About this task:
If a line below contains the word "Button", count it. Please give the total and nothing else.

Dataset items:
*** Begin section ***
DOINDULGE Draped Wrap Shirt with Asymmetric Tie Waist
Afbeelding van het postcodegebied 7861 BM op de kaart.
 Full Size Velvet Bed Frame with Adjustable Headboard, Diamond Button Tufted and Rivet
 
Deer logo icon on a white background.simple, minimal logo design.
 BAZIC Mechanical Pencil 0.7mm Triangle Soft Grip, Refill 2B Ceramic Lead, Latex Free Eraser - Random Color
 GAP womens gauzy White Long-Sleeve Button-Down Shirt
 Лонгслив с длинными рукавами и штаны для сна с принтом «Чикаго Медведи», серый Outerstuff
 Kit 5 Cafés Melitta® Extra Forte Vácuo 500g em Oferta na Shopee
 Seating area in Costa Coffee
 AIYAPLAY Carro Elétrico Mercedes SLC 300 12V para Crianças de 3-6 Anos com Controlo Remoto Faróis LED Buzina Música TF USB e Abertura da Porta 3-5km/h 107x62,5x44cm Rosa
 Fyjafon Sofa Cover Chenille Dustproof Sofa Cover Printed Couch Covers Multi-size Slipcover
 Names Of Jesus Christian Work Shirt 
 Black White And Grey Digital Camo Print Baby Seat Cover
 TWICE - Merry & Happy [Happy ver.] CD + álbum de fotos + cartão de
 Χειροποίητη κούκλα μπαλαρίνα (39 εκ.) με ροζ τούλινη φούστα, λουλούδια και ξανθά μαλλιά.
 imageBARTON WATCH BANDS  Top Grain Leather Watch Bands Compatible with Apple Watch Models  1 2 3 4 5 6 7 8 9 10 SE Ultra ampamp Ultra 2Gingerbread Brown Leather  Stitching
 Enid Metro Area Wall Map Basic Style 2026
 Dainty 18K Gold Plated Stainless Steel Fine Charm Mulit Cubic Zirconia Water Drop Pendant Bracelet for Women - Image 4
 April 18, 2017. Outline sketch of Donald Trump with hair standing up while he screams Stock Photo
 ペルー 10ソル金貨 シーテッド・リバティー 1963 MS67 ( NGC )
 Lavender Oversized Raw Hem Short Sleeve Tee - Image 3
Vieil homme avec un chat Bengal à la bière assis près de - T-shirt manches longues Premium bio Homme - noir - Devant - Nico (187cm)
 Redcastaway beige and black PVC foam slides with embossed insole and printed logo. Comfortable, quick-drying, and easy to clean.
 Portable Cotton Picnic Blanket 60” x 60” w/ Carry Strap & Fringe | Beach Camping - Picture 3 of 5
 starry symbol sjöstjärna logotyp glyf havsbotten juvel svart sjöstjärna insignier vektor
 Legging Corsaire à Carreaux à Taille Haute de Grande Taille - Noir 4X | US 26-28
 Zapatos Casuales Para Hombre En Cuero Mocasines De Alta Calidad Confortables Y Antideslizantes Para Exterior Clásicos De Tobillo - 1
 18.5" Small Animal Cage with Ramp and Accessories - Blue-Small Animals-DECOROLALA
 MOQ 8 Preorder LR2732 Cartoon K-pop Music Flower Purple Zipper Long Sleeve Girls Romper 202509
*** End section ***
Exercise response:
2